David Gottshall writes...
"In 1969, after several years of experimentation in New York State and elsewhere, Roger Garrison founded a seminar which he called the "National Seminar for Great Teachers" on his home campus in Maine. I had the good fortune of being involved in that excitingly different departure from traditional teacher training (see reproduction of AAJC Journal cover, at right). I was so excited about the potential of his ideas that, with the support of my home college (College of DuPage in Illinois) and with the encouragement of Roger Garrison, I founded the Illinois Great Teachers Seminar the very next year. Roger and I became close friends and collaborators in many staff development projects, and I served annually on the staff of his National Seminar for Master Teachers until his death and many years beyond.

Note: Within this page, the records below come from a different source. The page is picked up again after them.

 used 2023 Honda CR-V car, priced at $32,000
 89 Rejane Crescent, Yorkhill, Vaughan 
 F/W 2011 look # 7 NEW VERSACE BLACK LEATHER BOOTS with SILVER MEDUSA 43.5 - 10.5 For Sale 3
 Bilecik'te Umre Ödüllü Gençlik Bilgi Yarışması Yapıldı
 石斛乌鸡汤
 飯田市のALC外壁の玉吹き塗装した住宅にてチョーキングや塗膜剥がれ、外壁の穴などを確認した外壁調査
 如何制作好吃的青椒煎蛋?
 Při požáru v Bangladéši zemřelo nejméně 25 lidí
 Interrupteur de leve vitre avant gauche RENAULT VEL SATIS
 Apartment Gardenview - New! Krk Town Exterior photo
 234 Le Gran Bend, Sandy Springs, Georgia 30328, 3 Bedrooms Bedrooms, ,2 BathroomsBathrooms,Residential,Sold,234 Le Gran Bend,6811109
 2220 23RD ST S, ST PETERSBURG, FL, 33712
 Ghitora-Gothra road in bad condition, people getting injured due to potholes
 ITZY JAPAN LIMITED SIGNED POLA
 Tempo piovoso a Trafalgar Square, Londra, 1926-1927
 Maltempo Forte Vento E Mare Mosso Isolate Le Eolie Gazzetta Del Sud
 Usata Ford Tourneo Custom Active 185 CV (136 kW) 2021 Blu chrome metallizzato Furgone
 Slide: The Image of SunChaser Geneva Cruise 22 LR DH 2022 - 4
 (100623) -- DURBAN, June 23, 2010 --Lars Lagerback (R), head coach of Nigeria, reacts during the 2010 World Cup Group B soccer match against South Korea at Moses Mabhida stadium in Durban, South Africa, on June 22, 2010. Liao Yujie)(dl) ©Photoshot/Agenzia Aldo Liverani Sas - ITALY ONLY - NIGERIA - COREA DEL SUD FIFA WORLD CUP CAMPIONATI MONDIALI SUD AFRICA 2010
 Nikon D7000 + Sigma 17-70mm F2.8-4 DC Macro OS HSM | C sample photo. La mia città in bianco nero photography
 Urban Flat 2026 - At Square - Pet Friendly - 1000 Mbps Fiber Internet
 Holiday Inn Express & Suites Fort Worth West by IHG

After Roger's first successful seminar in 1969, the American Association of Junior Colleges (later renamed "American Association of Community and Junior Colleges now the "American Association of Community Colleges") who had funded it, determined that it did not need further funding. Garrison continued to offer it on a cost-recovery basis. Although Roger never discussed his choice or 'later' rejection of the term "Great Teachers", he decided to rename his annual event the "National Seminar for Master Teachers" from the third year onward. He suggested that I keep the name "Great Teachers", since I preferred it, and because that would help to distinguish between two separate events that were somewhat alike in spirit and philosophy but which had become clearly different in style and method.
Within a few years, the Illinois Great Teachers Seminar became a national event, and I renamed it the National Great Teachers Seminar. From that point on to the present, there have been two important annual events each summer: Roger Garrison's National Seminar for Master Teachers in Portland, Maine (Greenfield, Mass. after his death) and my National Great Teachers Seminar in Lake Geneva, Wisconsin (formerly the Illinois Great Teachers Seminar), the latter being the origin of the Great Teachers Movement as we know it today. All existing Great Teachers Seminars and variations thereof developed and continue to develop directly or indirectly from that seminar in Wisconsin."